The Fifth Elephant 2019

The eighth edition of India's best data conference

Participate

Revisiting Market Basket Analysis (MBA) with the help of SQL Pattern Matching

Submitted by Shankar Somayajula (@gucciss) on Thursday, 11 April 2019


Preview video

Session type: Full talk of 40 mins

Abstract

Market Basket Analysis or Affinity Analysis using Association Rules based model is a cross domain Solution Framework used for in Retail Analytics (Shopping Baskets), Clickstream/Web Traffic Analytics, Customer Behaviour Analytics, Fraud Analytics etc.

Market Basket Analysis (MBA) is used to discover/identify patterns from transactional data (a master-detail transactional set of line items) and serves many down-stream Business processes like Recommendations, Merchandising/Inventory Planning, Product Assortments etc.

MBA is extensively used in the industry. There are quite a few extensions possible to MBA like (a) Multi-Level Association Rules by allowing the core item/product hierarchy level to be flexible, (b) Multi-Dimensional Association Rules by including additional nuggets of information ‘tags’ along additional dimensions of interest, (c) Sequential Association Rules by considering the order of events within the transaction and eliciting signals relating to directionality of the Rule including possible causal indicators.
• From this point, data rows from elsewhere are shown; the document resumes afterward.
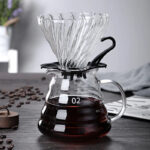 Kit V60 MUVNA con dripper de vidrio y jarra decantadora de 600ml, granos de café al lado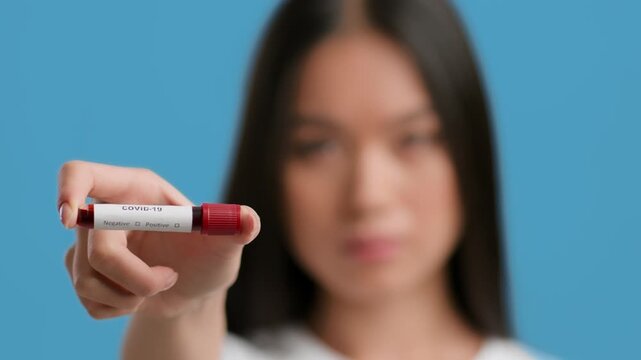 A millennial Asian woman is confidently presenting a test tube labeled COVID-19 positive, showcasing a moment of health awareness.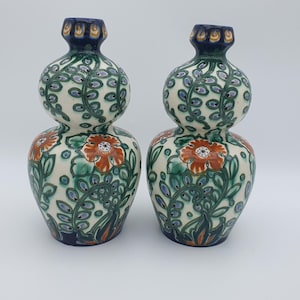 May include: Two ceramic vases with a double-bulb shape. The vases feature a cream-colored background with a floral pattern of orange flowers, green leaves, and blue accents. The rims and bases are dark blue.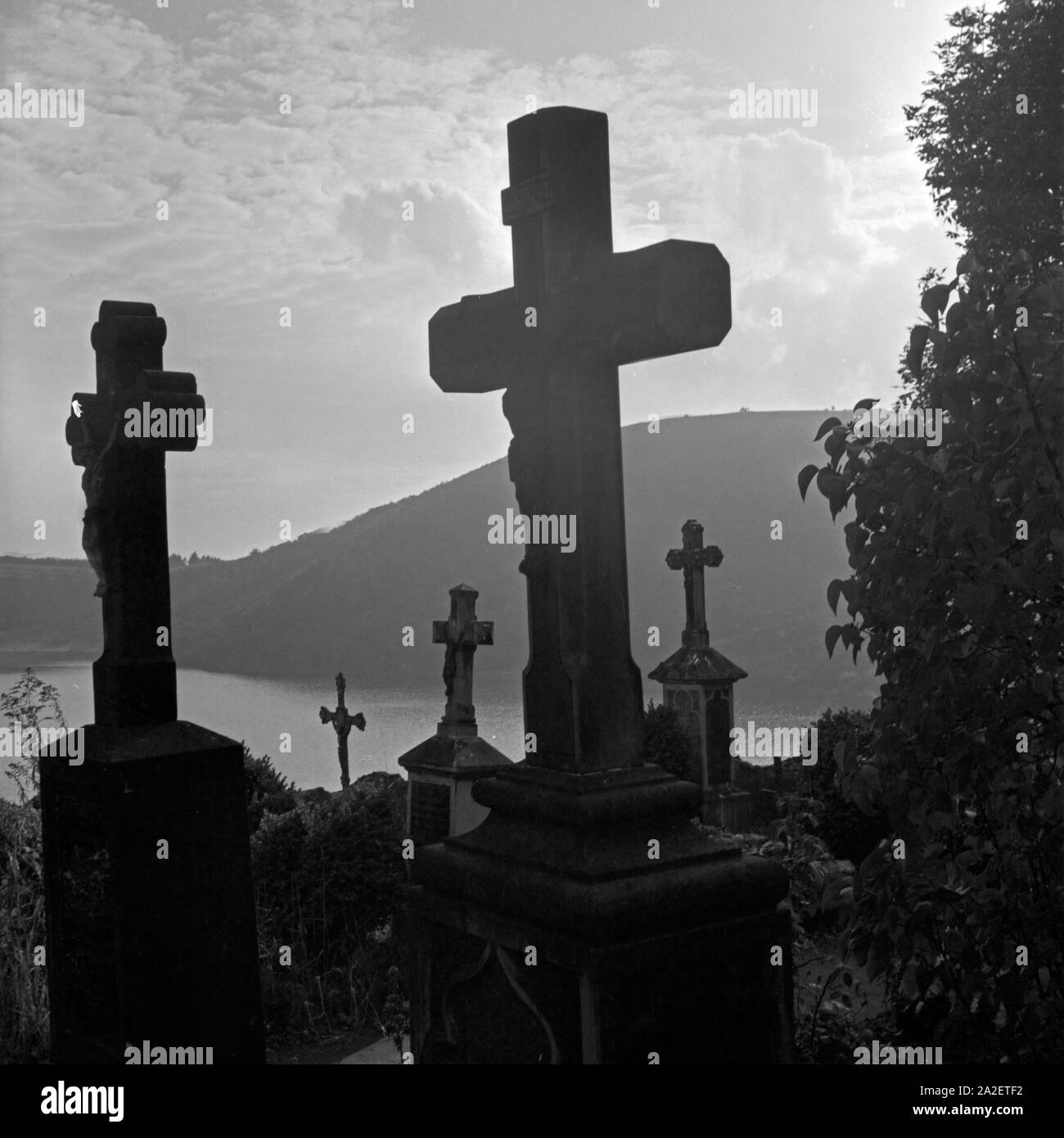 Grabkreuze auf dem Friedhof mit Blick auf das Totenmaar in Weinfeld bei Daun in der Eifel, Deutschland 1930er Jahre. Tombstones with view to Totenmaar maar lake at Weinfeld near Daun at Eifel region, Germany 1930s. Stock Photo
MBA is typically performed as an offline batch/etl/analytic process with the results of the modeling extracted and saved for subsequent perusal by the Domain/Business Analyst.

In this solution/revisiting of the MBA process, we decouple the Rule/Pattern identification/discovery phase (finding patterns/rules via Association Rules model build) from the Rule/Pattern KPI calculation phase related to the usefulness evaluation of the patterns (scoring patterns/rules via KPIs).

MBA Rules/Patterns are typically evaluated via the Support, Confidence and Lift KPIs. Some experts have advocated for the definition of additional KPIs like Conviction, Imbalance Ratio (IR), Kulc factor (Kulczynski) to identify interesting Rule/Patterns. We define these KPIs as well as many custom KPIs which help qualify the Rule/Patterns and aid in Rule/Pattern Discovery/Exploration phase.

The SQL approach to MBA allows us to

=> Include the pattern matching capability within an offline ETL workflow (match and pre-calculate results) or within a view (match on demand, dynamic calculation ) or a combination of both (both pre-calculated as well as on-demand) for regular BI Tools to leverage .

=> We can cover special/edge cases of interest in special domains like Fraud Patterns etc with insufficient coverage (very low support) but which need to be identified nevertheless. The pattern space can be very voluminous but in certain cases, we can identify/analyze user defined seeded patterns using SQL w/o having to build the MBA model.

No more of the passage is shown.